FB Boer x Commercial show doe - doelings will be keepers for sure, bucklings for 4H/FFA projects maybe. 

Next year it'll get crazy though lol. I'll be breeding more percentage Boer's. I actually should have held off on breeding the two commercials to my Nubian, I didn't have a Boer buck so I figured why not...then DH went out and bought me a very nice spotted Boer buck, so he only got 1 girlfriend this year, but my nicest commercial Boer doe for a girlfriend, so I'm excited for that. 

Not sure what I'll do with the Alpine for next year unless the Boer babies turn out great. I don't have an Alpine buck and not a fan of airplane ears. I just got her because she was super cheap and I felt sorry for her being skinny and older. Seems like my sympathy cases are some of my favorites though. I paid $100 for the alpine, a commercial Boer doe (that has been registered but I'll never see the papers) and a Nubian doe - and I like all 3 of them a lot more than the ones I paid "real" money for.


----------



## ISmellLikeGoats (Oct 4, 2017)

Well our Alpine finally decided to have them! After a crazy day at the vet with my other does that just kidded, I got home and put my other does back in the stall to recover. Checked on Missy the Alpine and nothing so went about my chores. My oldest son was watering and catches me while I'm feeding and says "Missy has a baby". Sure enough, in less than an hour she went from begging for food to a new baby.
She ended up having twins, both doelings.
My Nubian Doe looked bad this morning, wouldn't get up. She had barberpole worms really bad apparently from the fecal test. I just dewormed her on the 10th with ivermectin. So she is on panacur for the next 3 days and then another round10 days after that. She lost a good 20 lbsin the last couple of days, she looks like pure hell but she was up and eating like normal until this morning. I'm a bit freaked out that we might have some parasite resistance to ivermectin now. Not cool at all.


----------



## Goat_Scout (Mar 23, 2017)

Congratulations on the twins!

In my area, the only dewormer that works well with Barber Pole worms is Prohibit. I don't think Ivermectin is very effective.


----------



## ksalvagno (Oct 6, 2009)

Cute!


----------



## ISmellLikeGoats (Oct 4, 2017)

I have prohibit, but I need to read more about dosing it since apparently there isn't much of a safe area between a correct dosage and toxicity, and I swear I read somewhere not to give it to pregnant does, of which most of mine are still.


----------



## yankeedoodle (Apr 13, 2018)

Congrats on the kids! I'll say from my experience, that alpines are good at hiding there babies after a few years. one of my 5 yr olds did it to me a few years ago and I'm tellin' you, there was no sign of prego from looking at her belly. but, sure as summer she had twins! I named them secret and mystery bcz thats exactly what they were!
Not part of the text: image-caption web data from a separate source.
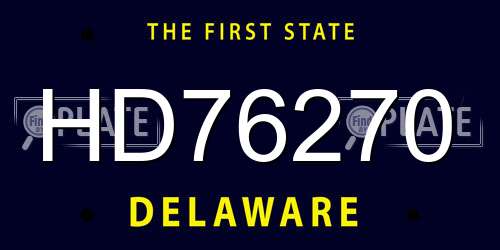 HD76270 Delaware License Plate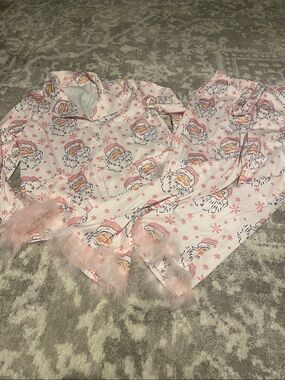 WomensPink Santa Print Pajama Set with Feather Trim*never worn
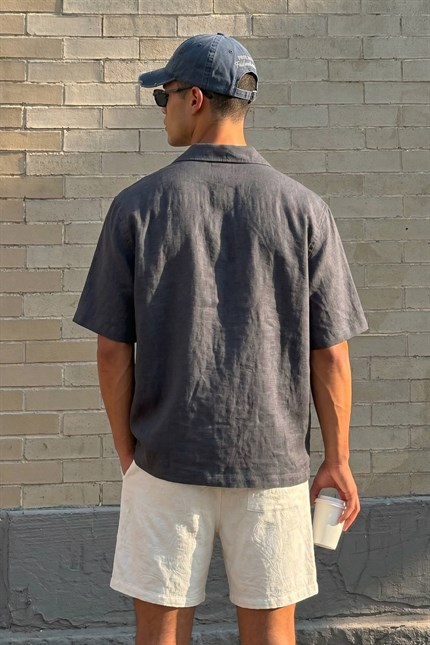 Erkek Relaxed Fit Kısa Kollu Cepli Tencel Gömlek Lacivert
It happens more with the older ones.


----------



## Sara789 (Feb 2, 2018)

My buck got barberpoles worms earlier this year...I was also prescribed panache for three days and then cydectin orally as well. It did the trick. Vet said many people this year are having barberpole worm resistance as well


ISmellLikeGoats said:


> Well our Alpine finally decided to have them! After a crazy day at the vet with my other does that just kidded, I got home and put my other does back in the stall to recover. Checked on Missy the Alpine and nothing so went about my chores. My oldest son was watering and catches me while I'm feeding and says "Missy has a baby". Sure enough, in less than an hour she went from begging for food to a new baby.
> She ended up having twins, both doelings.
> My Nubian Doe looked bad this morning, wouldn't get up. She had barberpole worms really bad apparently from the fecal test. I just dewormed her on the 10th with ivermectin. So she is on panacur for the next 3 days and then another round10 days after that. She lost a good 20 lbsin the last couple of days, she looks like pure hell but she was up and eating like normal until this morning. I'm a bit freaked out that we might have some parasite resistance to ivermectin now. Not cool at all.
> 
> ...


 T


----------



## toth boer goats (Jul 20, 2008)

Cute.


----------



## ISmellLikeGoats (Oct 4, 2017)

I ended up finding the chart from Cornell on Prohibit dosage, that was pretty useful!


----------



## groovyoldlady (Jul 21, 2011)

The babies are adorable!


----------



## ISmellLikeGoats (Oct 4, 2017)

5 weeks and counting down to our big kidding season. I have one Nubian doe that is already starting a bag, she's an older doe, but I know what day she was bred so I'm not in panic mode.
My 2 FF Nubian girls have tiny little udders, as do 2 of the commercial Boer FF's.
Then we have a lull until September when we should have 3 more does to kid out and be done for the season. Our stock shows are in the winter so the late babies will be great for the Feb/March shows - those are the big ones anyway.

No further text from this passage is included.